**TO DO:**
In the data below, find each line that contains the word "with" and copy it.

Dataset records:
-*-*-
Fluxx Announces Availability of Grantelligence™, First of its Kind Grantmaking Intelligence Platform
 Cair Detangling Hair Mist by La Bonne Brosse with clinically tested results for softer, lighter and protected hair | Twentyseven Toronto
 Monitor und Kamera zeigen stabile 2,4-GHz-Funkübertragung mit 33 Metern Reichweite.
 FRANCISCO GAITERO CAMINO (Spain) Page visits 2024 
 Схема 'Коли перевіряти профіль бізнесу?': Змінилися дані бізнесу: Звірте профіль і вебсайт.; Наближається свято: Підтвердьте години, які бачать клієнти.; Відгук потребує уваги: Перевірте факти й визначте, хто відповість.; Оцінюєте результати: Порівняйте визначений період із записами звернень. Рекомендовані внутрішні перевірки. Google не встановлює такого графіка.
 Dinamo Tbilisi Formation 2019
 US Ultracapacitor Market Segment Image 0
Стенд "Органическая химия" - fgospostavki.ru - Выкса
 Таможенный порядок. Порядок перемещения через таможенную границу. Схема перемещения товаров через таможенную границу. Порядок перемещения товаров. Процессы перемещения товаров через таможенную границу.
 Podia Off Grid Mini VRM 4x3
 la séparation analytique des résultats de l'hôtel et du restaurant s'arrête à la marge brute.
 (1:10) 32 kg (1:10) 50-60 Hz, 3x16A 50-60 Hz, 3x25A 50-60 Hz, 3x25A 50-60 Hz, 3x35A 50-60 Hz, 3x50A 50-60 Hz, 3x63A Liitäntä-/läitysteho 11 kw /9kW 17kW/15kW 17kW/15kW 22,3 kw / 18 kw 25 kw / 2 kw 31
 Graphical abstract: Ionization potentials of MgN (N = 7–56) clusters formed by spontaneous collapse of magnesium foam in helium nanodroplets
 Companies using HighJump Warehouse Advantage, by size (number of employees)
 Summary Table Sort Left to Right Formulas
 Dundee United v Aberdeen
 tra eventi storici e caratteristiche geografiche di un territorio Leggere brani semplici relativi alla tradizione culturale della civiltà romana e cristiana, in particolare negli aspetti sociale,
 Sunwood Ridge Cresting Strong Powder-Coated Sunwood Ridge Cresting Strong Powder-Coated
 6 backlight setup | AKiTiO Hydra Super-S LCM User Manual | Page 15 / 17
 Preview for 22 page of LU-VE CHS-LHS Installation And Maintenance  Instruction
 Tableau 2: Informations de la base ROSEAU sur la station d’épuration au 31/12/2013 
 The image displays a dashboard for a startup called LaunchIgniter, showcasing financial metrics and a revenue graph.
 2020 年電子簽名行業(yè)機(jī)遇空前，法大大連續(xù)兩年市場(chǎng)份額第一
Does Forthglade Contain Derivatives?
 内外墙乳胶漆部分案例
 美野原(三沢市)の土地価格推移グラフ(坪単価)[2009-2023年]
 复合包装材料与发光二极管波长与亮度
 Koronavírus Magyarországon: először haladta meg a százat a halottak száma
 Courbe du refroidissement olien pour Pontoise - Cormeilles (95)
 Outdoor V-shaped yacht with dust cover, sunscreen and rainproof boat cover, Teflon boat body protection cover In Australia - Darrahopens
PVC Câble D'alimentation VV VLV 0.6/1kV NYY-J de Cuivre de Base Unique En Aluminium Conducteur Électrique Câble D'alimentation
-*-*-
**EXERCISE SOLUTION:**
 Cair Detangling Hair Mist by La Bonne Brosse with clinically tested results for softer, lighter and protected hair | Twentyseven Toronto
 Outdoor V-shaped yacht with dust cover, sunscreen and rainproof boat cover, Teflon boat body protection cover In Australia - Darrahopens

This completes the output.